[Start of section]
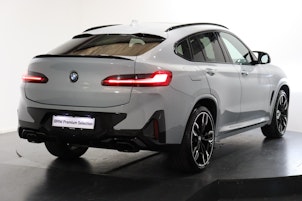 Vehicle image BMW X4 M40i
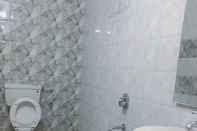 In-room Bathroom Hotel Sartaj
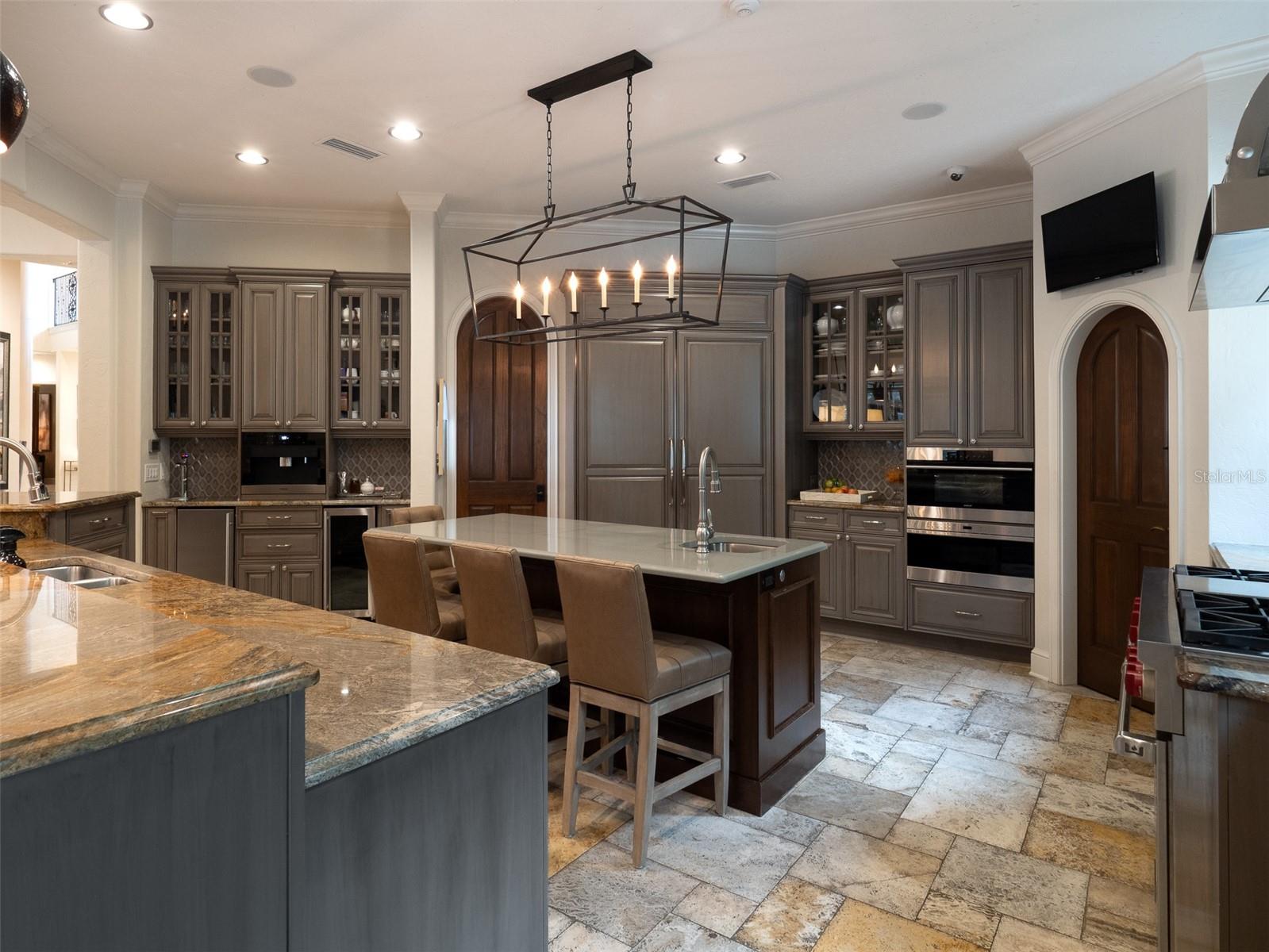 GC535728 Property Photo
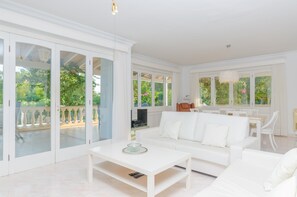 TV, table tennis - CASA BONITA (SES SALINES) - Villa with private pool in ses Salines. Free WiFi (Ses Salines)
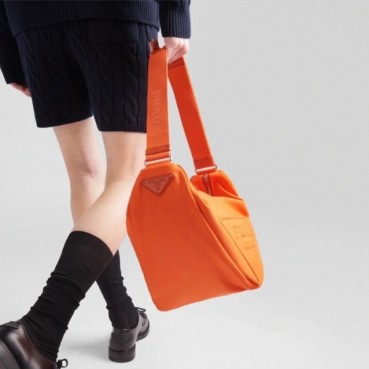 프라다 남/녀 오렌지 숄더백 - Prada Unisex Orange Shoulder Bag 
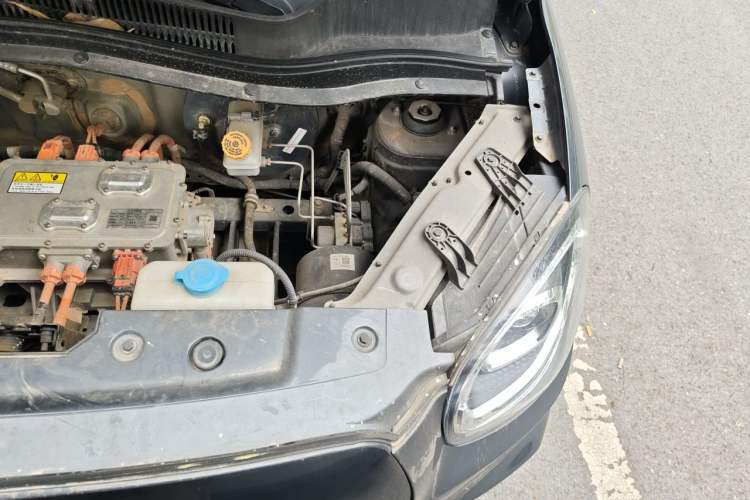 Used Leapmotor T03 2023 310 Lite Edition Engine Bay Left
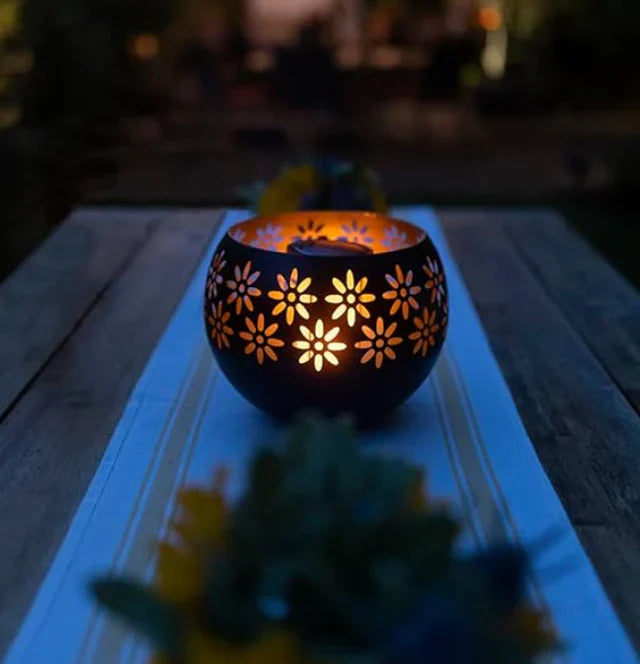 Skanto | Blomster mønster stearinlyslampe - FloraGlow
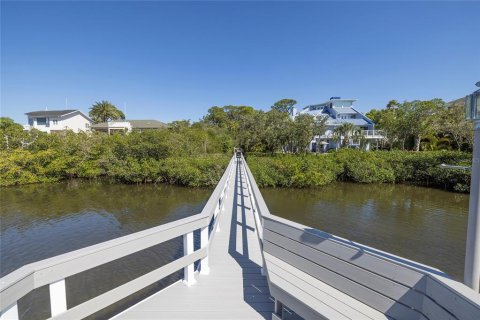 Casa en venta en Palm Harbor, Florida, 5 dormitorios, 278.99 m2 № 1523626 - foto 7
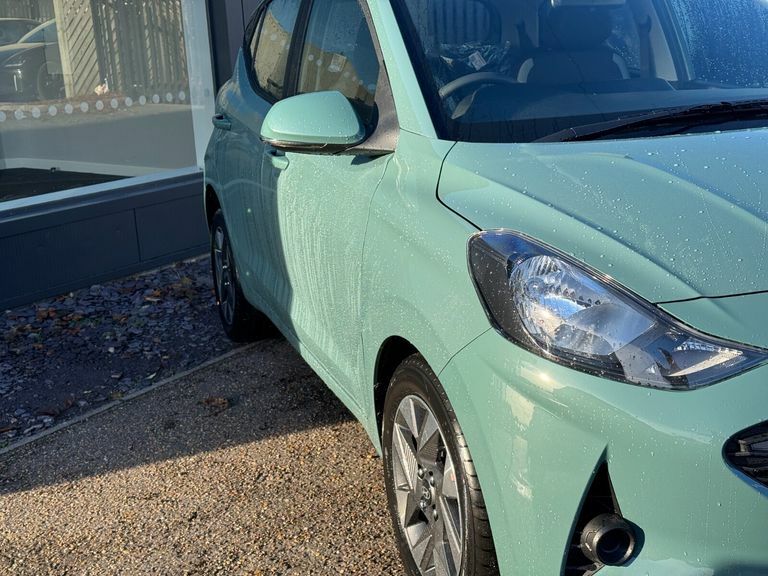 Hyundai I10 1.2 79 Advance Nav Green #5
[End of section]
**Exercise description:**
Reproduce every record above exactly, but leave out the pictures.

**The answer:**
 Vehicle image BMW X4 M40i
 In-room Bathroom Hotel Sartaj
 GC535728 Property Photo
 TV, table tennis - CASA BONITA (SES SALINES) - Villa with private pool in ses Salines. Free WiFi (Ses Salines)
 프라다 남/녀 오렌지 숄더백 - Prada Unisex Orange Shoulder Bag 
 Used Leapmotor T03 2023 310 Lite Edition Engine Bay Left
 Skanto | Blomster mønster stearinlyslampe - FloraGlow
 Casa en venta en Palm Harbor, Florida, 5 dormitorios, 278.99 m2 № 1523626 - foto 7
 Hyundai I10 1.2 79 Advance Nav Green #5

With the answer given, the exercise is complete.